--- DATA Enclosed Below ---
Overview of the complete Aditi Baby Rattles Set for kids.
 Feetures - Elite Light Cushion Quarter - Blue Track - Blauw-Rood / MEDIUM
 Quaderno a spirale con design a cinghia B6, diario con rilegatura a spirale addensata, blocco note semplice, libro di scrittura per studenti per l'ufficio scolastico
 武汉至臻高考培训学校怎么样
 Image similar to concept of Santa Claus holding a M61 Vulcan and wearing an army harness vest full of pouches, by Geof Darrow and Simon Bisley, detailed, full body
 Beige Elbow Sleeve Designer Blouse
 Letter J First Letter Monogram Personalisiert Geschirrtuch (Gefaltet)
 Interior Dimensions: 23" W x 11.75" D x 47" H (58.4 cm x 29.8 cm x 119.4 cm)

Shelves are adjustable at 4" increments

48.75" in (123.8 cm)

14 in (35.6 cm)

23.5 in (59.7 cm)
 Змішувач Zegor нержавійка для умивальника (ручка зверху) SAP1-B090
--- End of Enclosed DATA ---
PROBLEM TO WORK ON: Restate word for word each line of the data from the one with "Shelves are adjustable" to the last, keeping both ends.

EXERCISE RESPONSE:
Shelves are adjustable at 4" increments

48.75" in (123.8 cm)

14 in (35.6 cm)

23.5 in (59.7 cm)
 Змішувач Zegor нержавійка для умивальника (ручка зверху) SAP1-B090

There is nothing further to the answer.